There is a movie, based on a book, called “I Am Legend”.  It is a terrible movie, in my opinion, because it changed the original ending of the book and lost the entire point.  The story is about a post zombie apocalyptic world, and follows the main character as he lives his life, hunting down and killing zombies along the way.  At the end of the book, he comes to a realization that is horrifying to him as he witnesses one of the zombies caring for a young zombie, and realizes that these are not mindless creatures without emotions – they have thought processes and emotions, and what’s more: none of them have ever harmed him.  He realizes that the whole time he was hunting them, they were afraid of him and that is the meaning of the title “I Am Legend” – he realizes that he is their legend, their Dracula, their mythical monster that has been hunting down the innocent and helpless of their society.  The danger in painting those we disagree with as being fearful beings who are trying to destroy our way of life is that we may inevitably become Legend, and we need to avoid such language in our discourse.  I believe that Jesus modeled being a peacemaker in the way he reasoned – he made his points carefully and thoughtfully, and did not paint those who disagreed with him as being monsters who were trying to destroy his way of life.  We need to reason as Jesus did: out of a spirit of love, we need to be peacemakers; reasoning with people diplomatically and calmly.  The purpose of the Christian life is not to fight Holy Wars against those who oppress us, but if we do have oppressors (and we do, but often they are not the people we think are our oppressors – too often they come in the form of those who pretend to be “on our side”), we need to face them with love.  Because that is the goal of the Christian life: to love God, and love people.
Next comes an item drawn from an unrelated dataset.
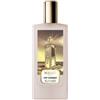 Memo Paris Cap Camarat Eau de Parfum 75 ml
There is one final lesson I’d like to impart:

Hold your treasures with an open hand
In Matthew 19:16-29, there is a story of a rich man who asks Jesus what deed he should do in order to have eternal life.  Jesus lays out some of the basic commandments, and when the rich man responds that he has followed these perfectly, Jesus finally tells him that he must sell everything he has and give the money to the poor.  Now the moral of the story is not that we can get into heaven by doing this – on the contrary, if you keep reading, Jesus says, when his disciples ask who can be saved: “Humanly speaking, it is impossible. But with God everything is possible.”  But there is another moral to this story, and I believe that it is this: what you hold onto with a tight fist is what makes you a prisoner.  The rich man in the story believes that he can gain access to heaven through his deeds.  And I think that the way Jesus responds to him points out two mistakes this man is making:
1)    The rich man in the story believes that he has followed the commandments perfectly.  Jesus tells the man that he must not murder, commit adultery, steal, lie, he must honor his father and mother (or, those who are in authority to him), and love his neighbor as himself.  The rich man’s reply?  “Oh yeah, I’ve done all that.”  But if you know anything about the teachings of Jesus, you should know how silly this response is – Jesus repeatedly points out that it is not the letter of the law that matters, but the spirit.  He extends the law against murder by pointing out that if you call someone an insulting name in anger you have murdered them in spirit.  If you lust after a woman who is not your wife, you have committed adultery, and so on.  This should make it painfully obvious to us that we can never obey the law perfectly as long as we inhabit this earth – our only hope is in the redemption provided by the only one who ever has.
2)    When Jesus tells the man to sell all his possessions and give the money to the poor, I think that this statement does more than point out the dangers of treasuring money.  Jesus is pointing out that there is a commandment the man has not obeyed – the commandment to have no other gods before God, and to make no idols.  I think that in the context of the whole story, this could be extended to the preceding section of the conversation to imply that if you treasure legalism, you have made the same mistake of creating an idol out of it. 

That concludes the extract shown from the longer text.